The car took fire, and Edison was trying in vain to put out the blaze when the conductor, a quick-tempered Scotchman, rushed in with water and saved the car. On arriving at the next station, Mount Clemens, the enraged conductor promptly put the boy off with his entire outfit, including his laboratory and printing-plant.
It was through this incident that Edison acquired his lifelong deafness, for the conductor boxed his ears so severely as to cause this infirmity. To most people this would be an affliction, but not so to Mr. Edison, who said about it recently:
“This deafness has been of great advantage to me in various ways. When in a telegraph office I could hear only the instrument directly on the table at which I sat, and, unlike the other operators, I was not bothered by the other instruments. Again, in experimenting on the telephone, I had to improve the transmitter so that I could hear it. This made the telephone commercial, as the magneto telephone receiver of Bell was too weak to be used as a transmitter commercially. It was the same with the phonograph. The great defect of that instrument was the rendering of the overtones in music and the hissing consonants in speech.
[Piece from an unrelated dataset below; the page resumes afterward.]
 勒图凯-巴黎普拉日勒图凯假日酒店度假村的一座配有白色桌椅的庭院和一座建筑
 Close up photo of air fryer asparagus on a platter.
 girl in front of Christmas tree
I worked over one year, twenty hours a day, Sundays and all, to get the word “specie” perfectly recorded and reproduced on the phonograph. When this was done I knew that everything else could be done—which was a fact. Again, my nerves have been preserved intact. Broadway is as quiet to me as a country village is to a person with normal hearing.”
But we left young Edison on the station platform, sorrowful and indignant, as the train moved off, deserting him in the midst of his beloved possessions. He was saddened, but not altogether discouraged, and after some trouble succeeded in making his way home, where he again set up his laboratory and also his printing-office. There was some objection on the part of the family, as they feared that they might also suffer from fire, but he promised not to bring in anything of a dangerous nature.
He continued to publish the Weekly Herald, but after a while was persuaded by a chum to change its character and publish it under the name of Paul Pry, making it a journal of town gossip about local people and their affairs and peculiarities.
No copies of Paul Pry can now be found, but it is known that its style was distinctly personal, and the weaknesses of the towns-people were discussed in it very freely and frankly by the two boys. It caused no small offense, and in one instance Edison was pitched into the St. Clair River by one of the victims whose affairs had been given such unsought publicity.
Possibly this was one of the reasons that caused Edison to give up the paper not very long afterward. He had a great liking for newspaper work, and might have continued in that field had it not been for strong influences in other directions. There is no question, however, that he was the youngest publisher and editor of his time.